Variation in actively N-fixing biocrusts in Grape and Citrus was explained by the variation in environmental conditions, nutrients, biomass, and acetylene reduction rates. Biotic variables (MBC, MBN, MBC:MBN), nutrient variables (EC, EN, EP, EC:EN, EN:EP, EC:EP), acetylene reduction rates, and environmental variables (soil moisture, soil temperature) measured in N₂-fixing biocrusts were included in the PCA. At Grape, MBC:MBN, extractable nutrients, extractable nutrient ratios, and soil moisture were significant drivers of variation, as indicated by the significance of loadings (Supplementary Table 3). Based on significant loading, PC1 in Grape may represent nutrients, PC2 may represent N₂-fixation activity, and PC3 may represent microbial biomass. At Citrus, microbial biomass, MBC:MBN, EC, EN, EC:EP, EN:EP EC:EN, and temperature were significant drivers of variation (Supplementary Table 2). Based on significant loading, Citrus PC1 may represent nutrients and microbial biomass carbon, PC2 may represent N₂-fixation activity, and PC3 may represent microbial biomass nitrogen, nutrients, and environmental variables.

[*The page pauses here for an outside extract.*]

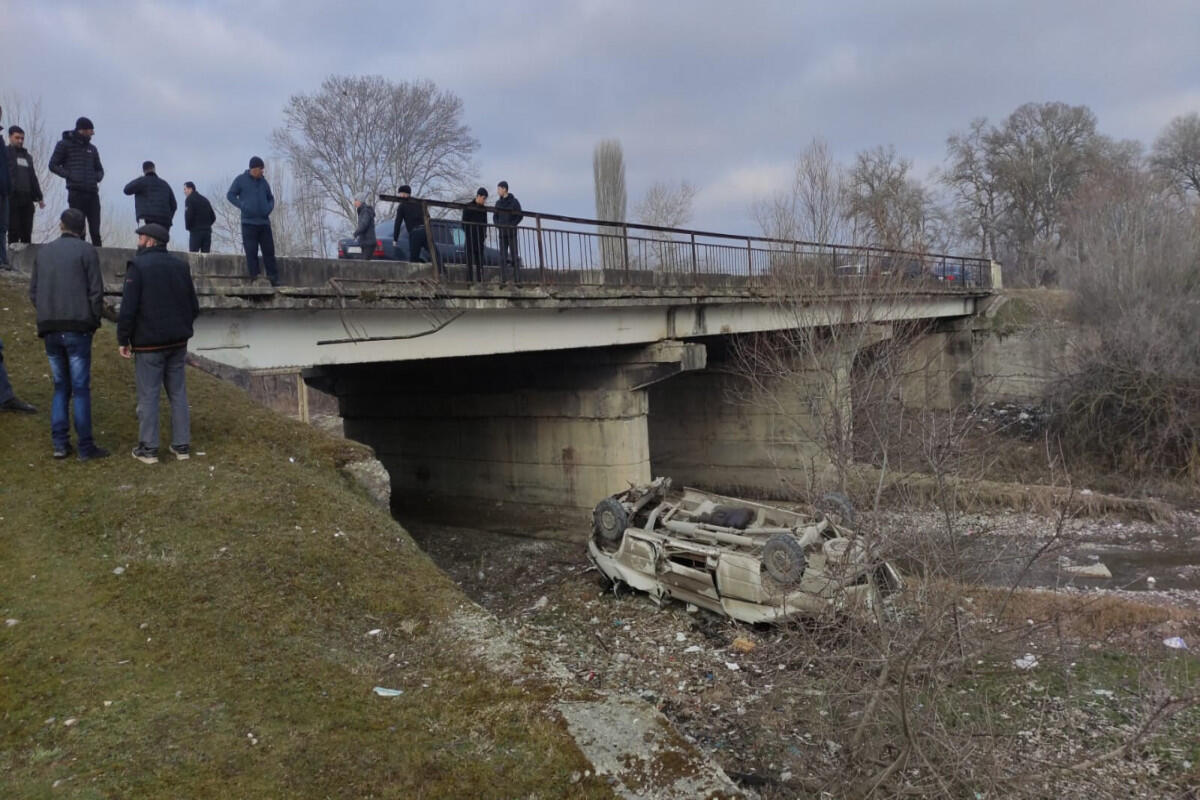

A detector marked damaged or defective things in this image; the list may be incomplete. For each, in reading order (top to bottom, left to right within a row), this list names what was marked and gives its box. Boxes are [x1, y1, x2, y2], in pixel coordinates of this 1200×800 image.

overturned vehicle [592, 476, 900, 624]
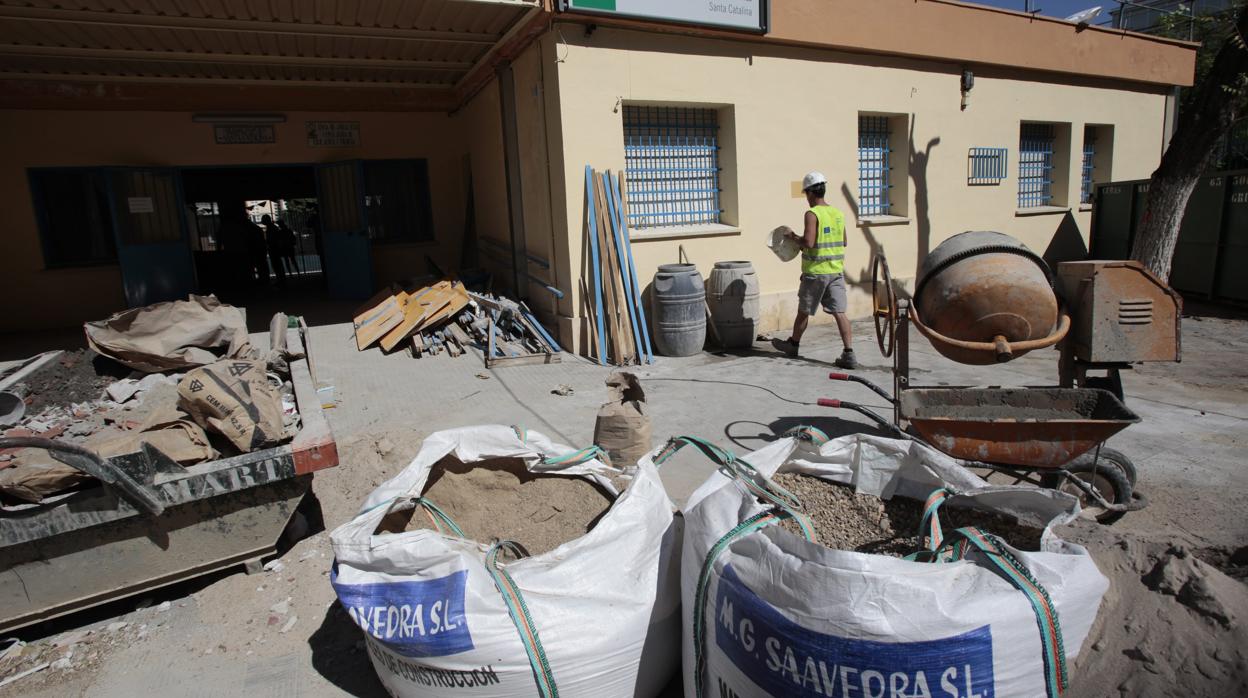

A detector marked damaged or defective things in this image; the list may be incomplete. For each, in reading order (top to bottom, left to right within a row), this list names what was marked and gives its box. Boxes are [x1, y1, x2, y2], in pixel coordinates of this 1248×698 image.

rusty mixer drum [913, 233, 1068, 369]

Actively N₂-fixing biocrust samples in Grape (46%) and Citrus (29%) were significantly separated based on the season (Supplementary Table 4). N₂-fixing biocrust samples in summer significantly differed from the fall and winter seasons in both Grape and Citrus (Supplementary Table 4). Grape summer samples were significantly different from fall and winter samples mainly because of higher EC, EN, MBC:MBN, EN:EP, and EC:EP but lower EC:EN (PC1); and higher acetylene reduction rates, soil moisture, and EP, but lower EC:EN (PC2, Supplementary Table 3). Citrus summer samples were significantly different from fall and winter samples mainly because of lower MBC, EC, EN, EN:EP, and EC:EP (PC1); and lower acetylene reduction rates, MBC:MBN, and EC:EN but higher soil temperatures (PC2, Supplementary Table 3).